To the Editor:
Eric Sayers and Leith Coghlin have bought into everything they were sold about Iraq. They said Canadians should’ve supported the U.S. in Iraq along with those 34 other countries, but as an intelligent Canadian with a conscience, I’m forced to disagree.
It sounds wonderful that “more than three quarters of the [Iraqi] population” voted to approve the new constitution, but only 63 per cent of eligible voters actually voted, and less than 50 per cent actually support it. And allegations of fraud during the vote aren’t far fetched. In some areas, 99 per cent of the vote was “yes.” Hardly democratic if you ask me.

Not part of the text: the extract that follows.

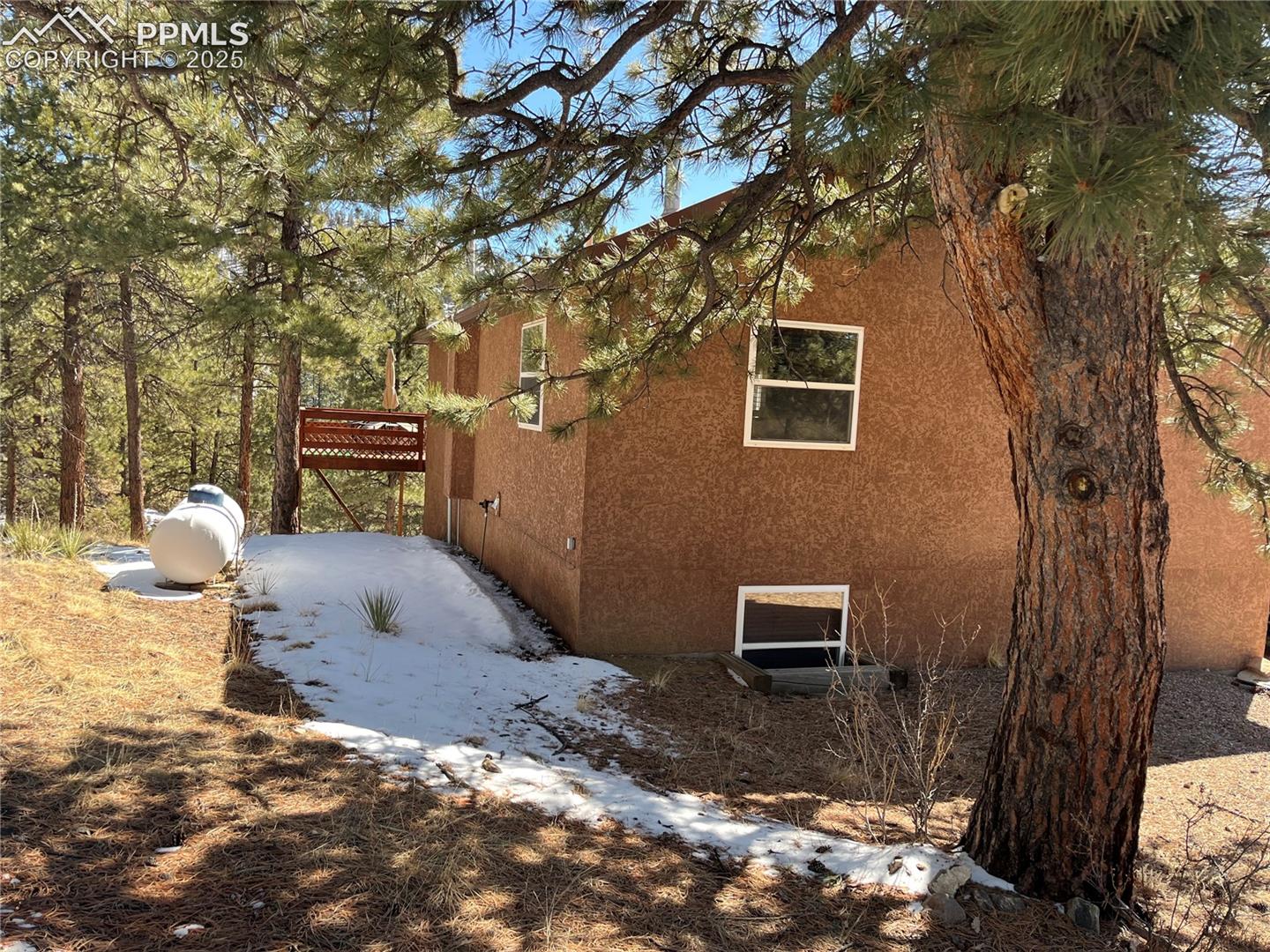 1234 Edelweiss Drive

Which brings me to the standard of democracy we hold so high. In actuality, the U.S. is a plutocracy, not a democracy. In a democratic society the people have the power; in the U.S. that power has been usurped and twisted to suit the needs of a few. Isn’t it odd the country is run by a man who actually lost in his first election?
So it makes you wonder how this “democracy” can be trusted to force the rule of the people upon a foreign land, doesn’t it? I think it’s fair to say that more than a few Canadians agree with the 157 other countries in the world that didn’t join the U.S. in Iraq.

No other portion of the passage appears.